WHAT THE TASK ASKS - Would you return the lines between the one holding "Bicycle in laos" and the one holding "Een keuken met", inclusive, and only those, exactly as they stand in the listing below?

RECORD EXCERPTS -
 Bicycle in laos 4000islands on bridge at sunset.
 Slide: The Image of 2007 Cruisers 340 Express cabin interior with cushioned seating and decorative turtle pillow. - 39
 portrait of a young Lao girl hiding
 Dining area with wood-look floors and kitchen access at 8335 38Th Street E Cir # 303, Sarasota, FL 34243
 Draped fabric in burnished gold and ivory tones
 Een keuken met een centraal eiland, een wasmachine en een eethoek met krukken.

...

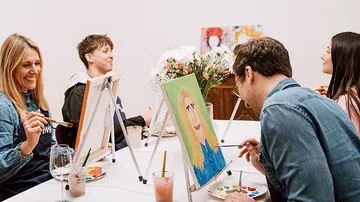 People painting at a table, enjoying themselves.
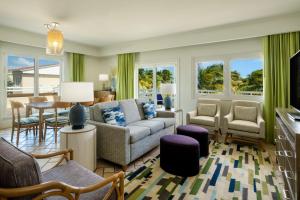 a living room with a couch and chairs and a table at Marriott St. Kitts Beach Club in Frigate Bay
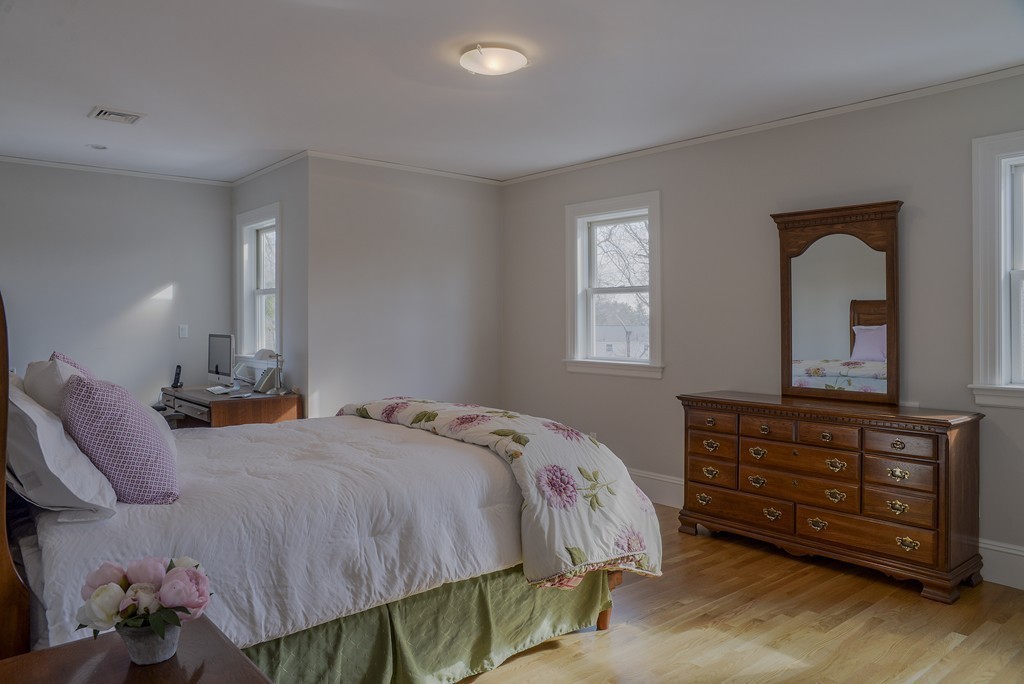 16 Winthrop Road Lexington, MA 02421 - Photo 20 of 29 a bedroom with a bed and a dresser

* * *

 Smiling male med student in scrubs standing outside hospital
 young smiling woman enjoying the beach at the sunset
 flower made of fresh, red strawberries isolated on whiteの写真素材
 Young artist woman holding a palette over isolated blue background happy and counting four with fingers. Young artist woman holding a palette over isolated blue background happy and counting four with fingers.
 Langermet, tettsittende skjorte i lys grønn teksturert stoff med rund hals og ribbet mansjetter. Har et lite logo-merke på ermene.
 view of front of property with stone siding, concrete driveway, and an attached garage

FINISHED TASK -
 Bicycle in laos 4000islands on bridge at sunset.
 Slide: The Image of 2007 Cruisers 340 Express cabin interior with cushioned seating and decorative turtle pillow. - 39
 portrait of a young Lao girl hiding
 Dining area with wood-look floors and kitchen access at 8335 38Th Street E Cir # 303, Sarasota, FL 34243
 Draped fabric in burnished gold and ivory tones
 Een keuken met een centraal eiland, een wasmachine en een eethoek met krukken.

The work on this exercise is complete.